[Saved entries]
- - -

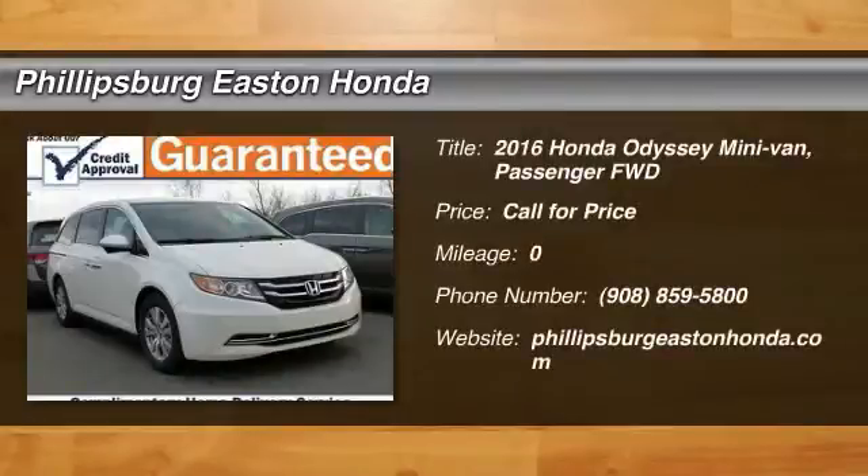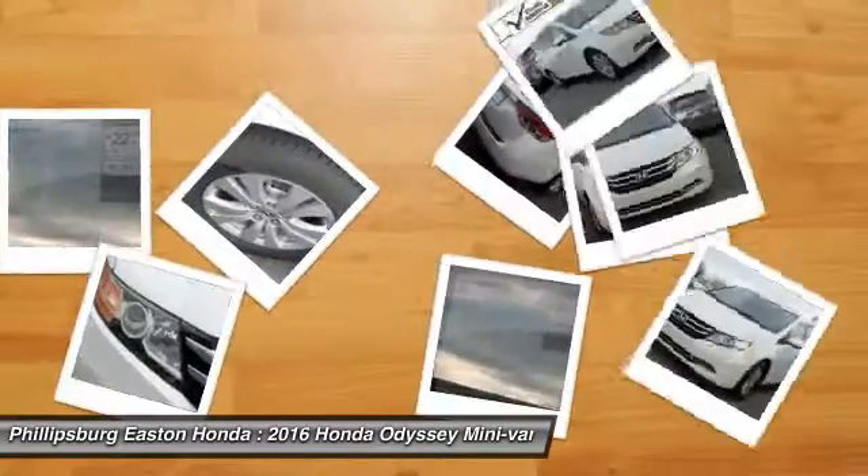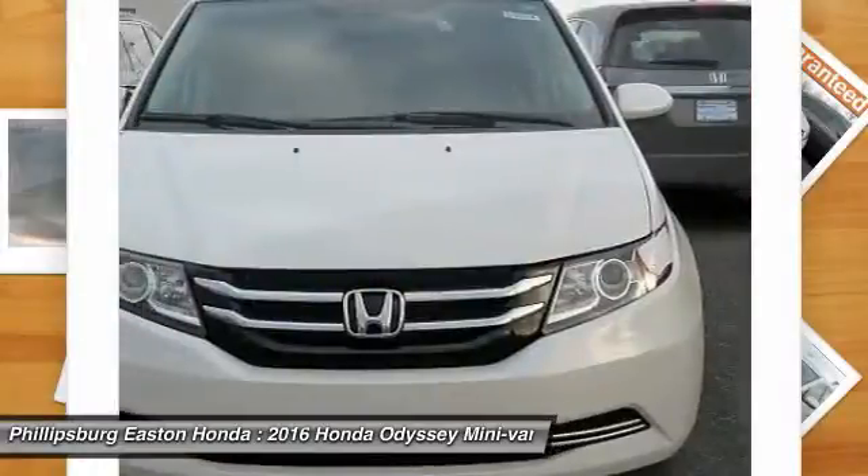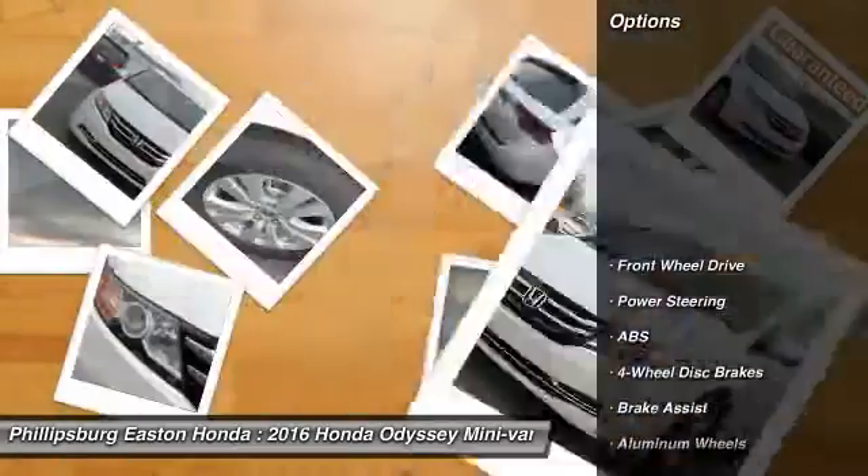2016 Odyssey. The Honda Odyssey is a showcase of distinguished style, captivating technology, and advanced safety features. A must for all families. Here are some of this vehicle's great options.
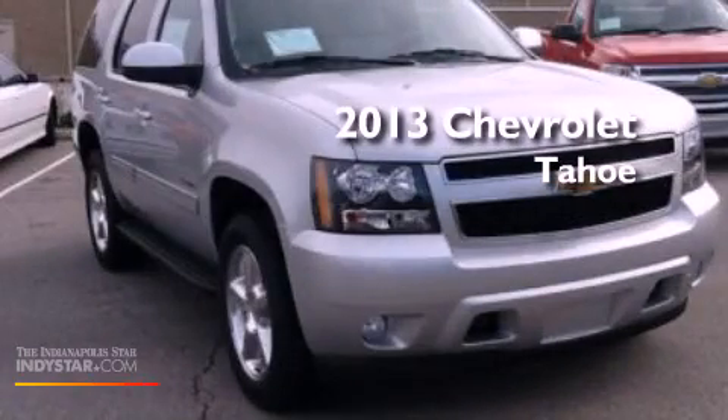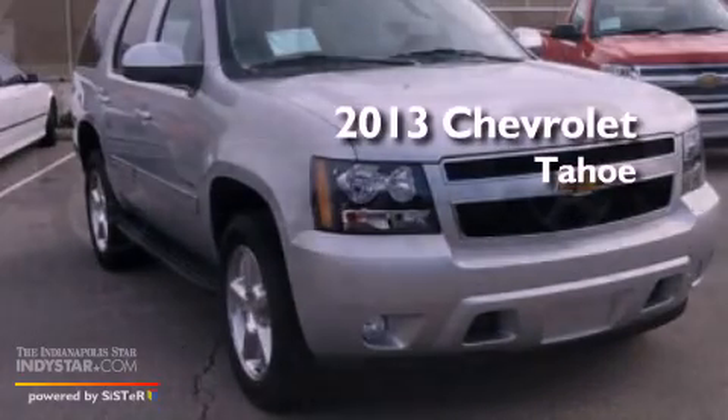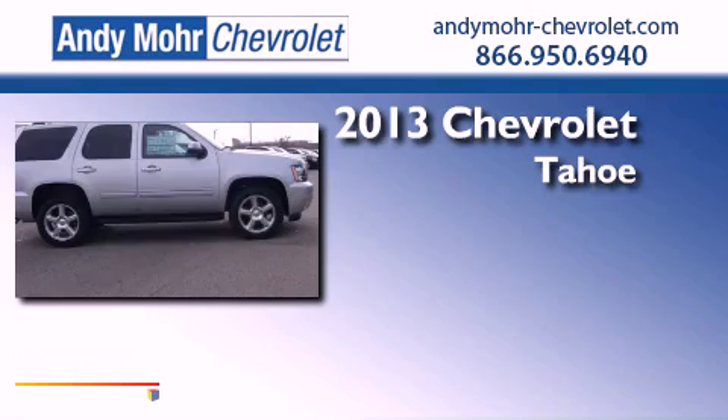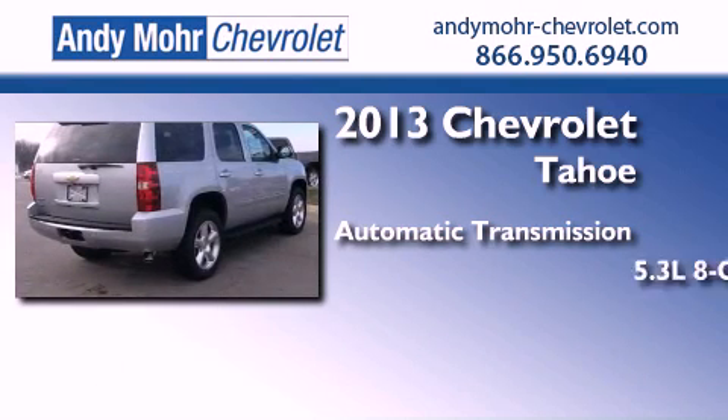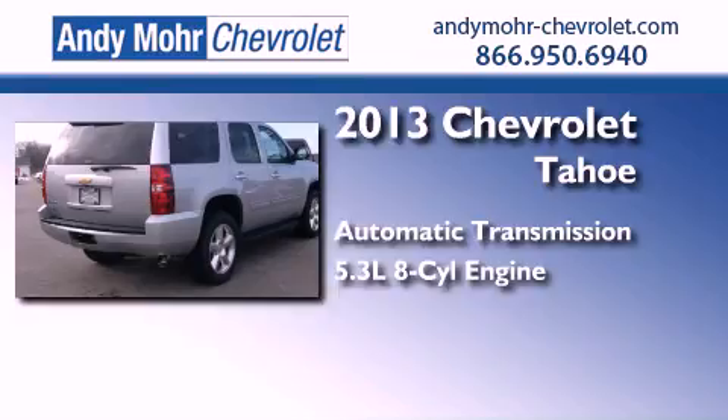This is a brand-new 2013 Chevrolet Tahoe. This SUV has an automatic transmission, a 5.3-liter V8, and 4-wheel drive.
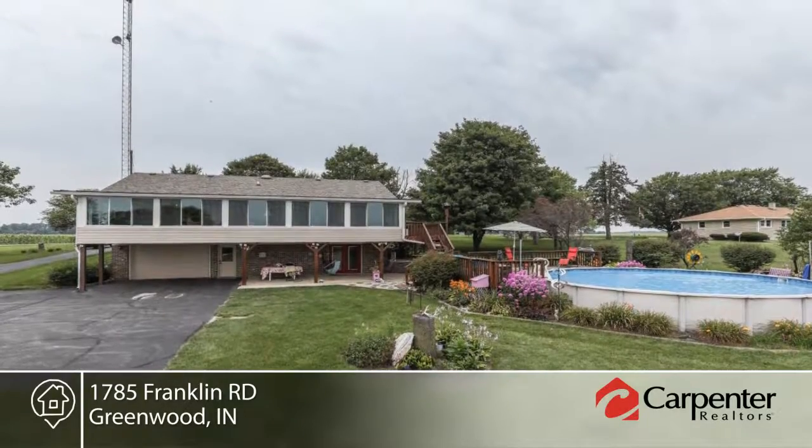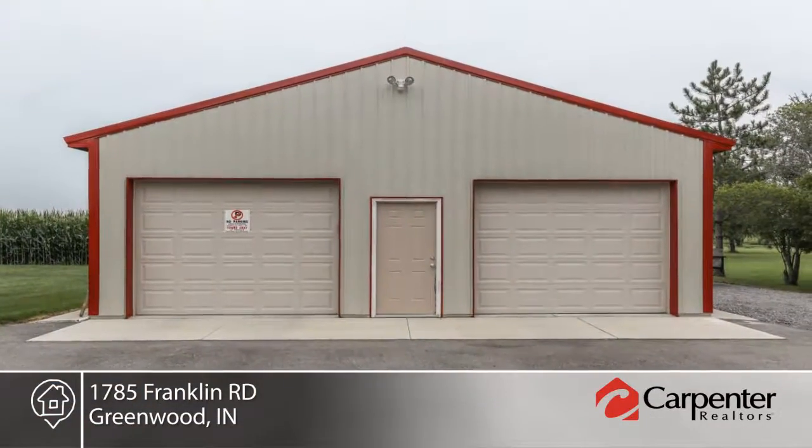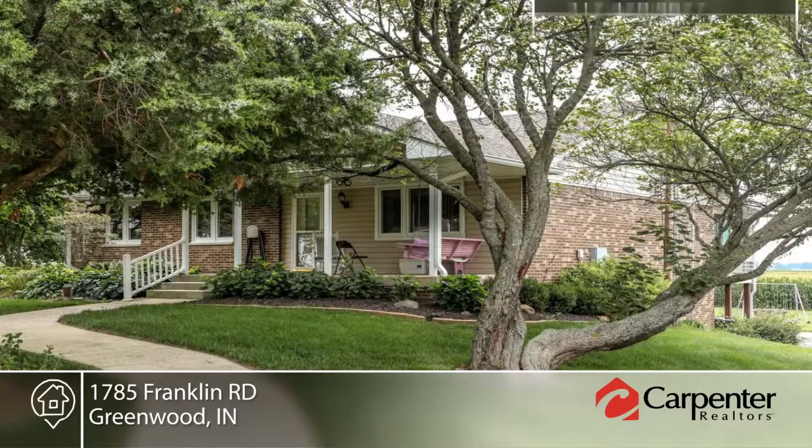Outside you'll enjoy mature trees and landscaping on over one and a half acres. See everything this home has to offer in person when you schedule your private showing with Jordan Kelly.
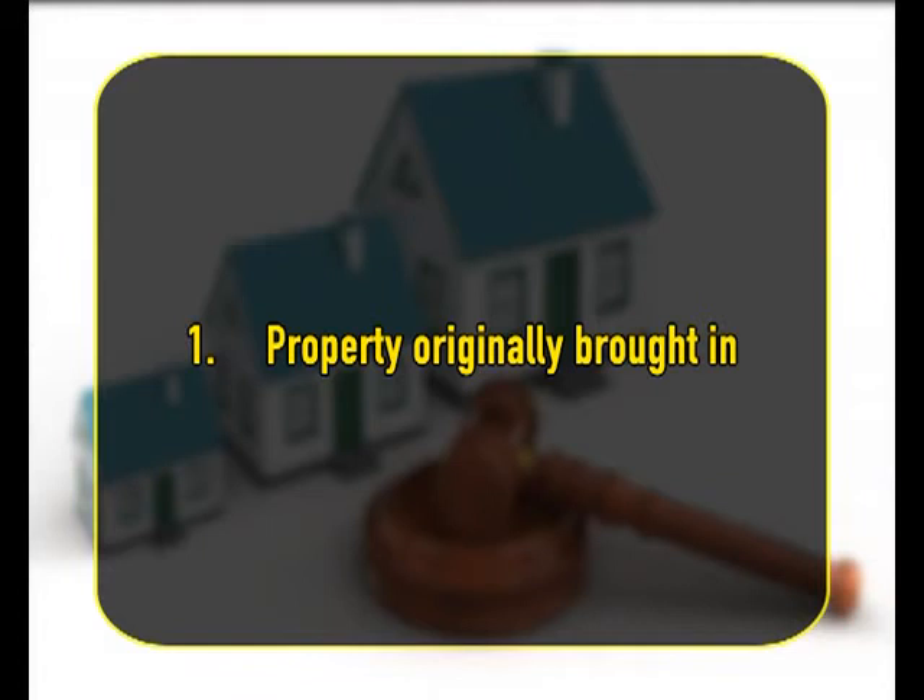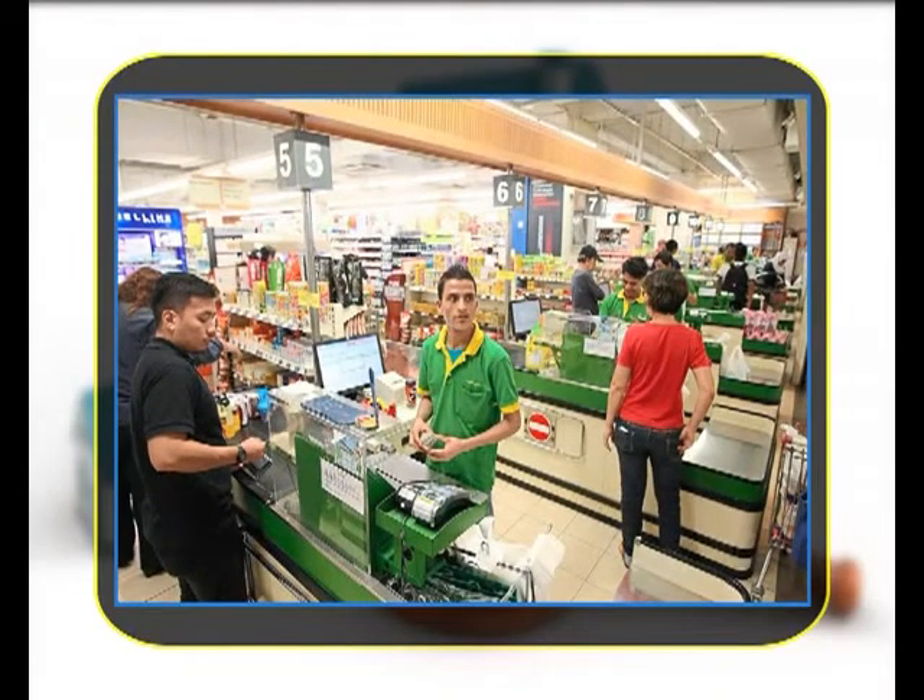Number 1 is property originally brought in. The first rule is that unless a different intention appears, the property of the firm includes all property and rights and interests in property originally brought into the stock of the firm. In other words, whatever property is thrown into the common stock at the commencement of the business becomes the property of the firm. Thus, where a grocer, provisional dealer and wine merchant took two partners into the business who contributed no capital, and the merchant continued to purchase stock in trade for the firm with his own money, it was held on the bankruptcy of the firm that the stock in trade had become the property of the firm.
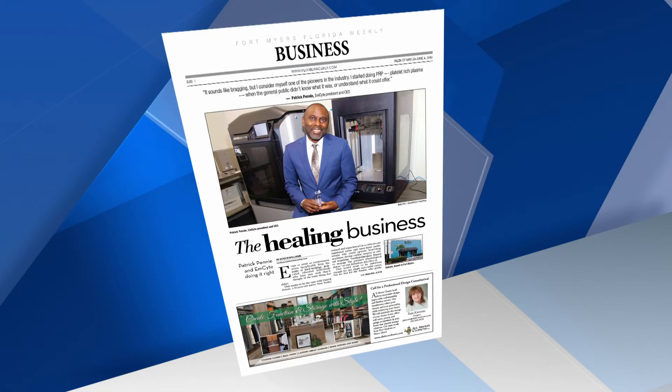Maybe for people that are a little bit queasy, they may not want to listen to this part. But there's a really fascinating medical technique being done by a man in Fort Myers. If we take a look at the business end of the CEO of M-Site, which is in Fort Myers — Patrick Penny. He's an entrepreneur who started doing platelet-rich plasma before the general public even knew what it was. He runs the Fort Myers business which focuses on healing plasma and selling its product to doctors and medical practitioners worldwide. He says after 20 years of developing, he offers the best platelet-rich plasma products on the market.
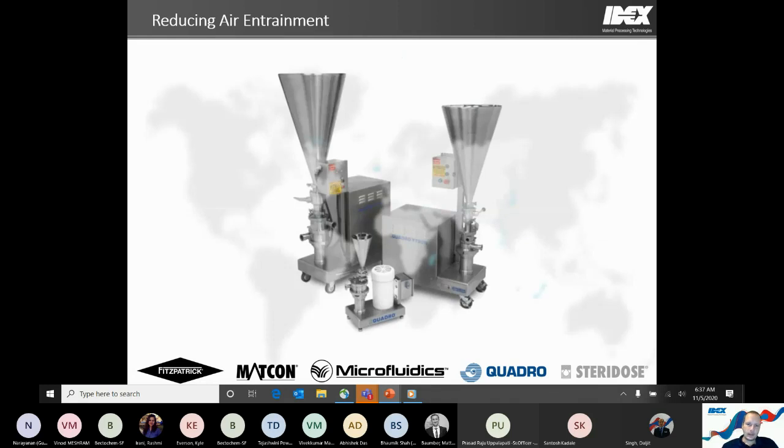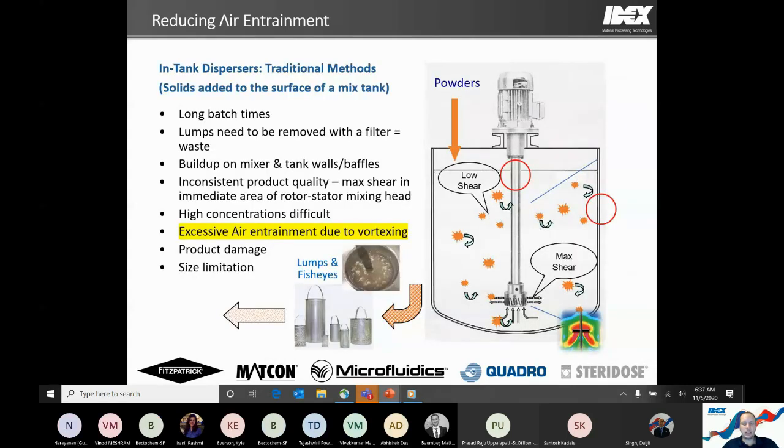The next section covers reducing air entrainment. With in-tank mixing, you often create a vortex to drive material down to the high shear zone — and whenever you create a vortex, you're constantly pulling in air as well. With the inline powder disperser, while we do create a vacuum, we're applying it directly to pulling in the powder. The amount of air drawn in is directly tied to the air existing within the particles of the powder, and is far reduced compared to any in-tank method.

- - -

Work to be completed. Repeat the data in full, exactly as it stands, but drop every picture.

Result of this task.
2016 Odyssey. The Honda Odyssey is a showcase of distinguished style, captivating technology, and advanced safety features. A must for all families. Here are some of this vehicle's great options.
This is a brand-new 2013 Chevrolet Tahoe. This SUV has an automatic transmission, a 5.3-liter V8, and 4-wheel drive.
Outside you'll enjoy mature trees and landscaping on over one and a half acres. See everything this home has to offer in person when you schedule your private showing with Jordan Kelly.
Number 1 is property originally brought in. The first rule is that unless a different intention appears, the property of the firm includes all property and rights and interests in property originally brought into the stock of the firm. In other words, whatever property is thrown into the common stock at the commencement of the business becomes the property of the firm. Thus, where a grocer, provisional dealer and wine merchant took two partners into the business who contributed no capital, and the merchant continued to purchase stock in trade for the firm with his own money, it was held on the bankruptcy of the firm that the stock in trade had become the property of the firm.
Maybe for people that are a little bit queasy, they may not want to listen to this part. But there's a really fascinating medical technique being done by a man in Fort Myers. If we take a look at the business end of the CEO of M-Site, which is in Fort Myers — Patrick Penny. He's an entrepreneur who started doing platelet-rich plasma before the general public even knew what it was. He runs the Fort Myers business which focuses on healing plasma and selling its product to doctors and medical practitioners worldwide. He says after 20 years of developing, he offers the best platelet-rich plasma products on the market.
The next section covers reducing air entrainment. With in-tank mixing, you often create a vortex to drive material down to the high shear zone — and whenever you create a vortex, you're constantly pulling in air as well. With the inline powder disperser, while we do create a vacuum, we're applying it directly to pulling in the powder. The amount of air drawn in is directly tied to the air existing within the particles of the powder, and is far reduced compared to any in-tank method.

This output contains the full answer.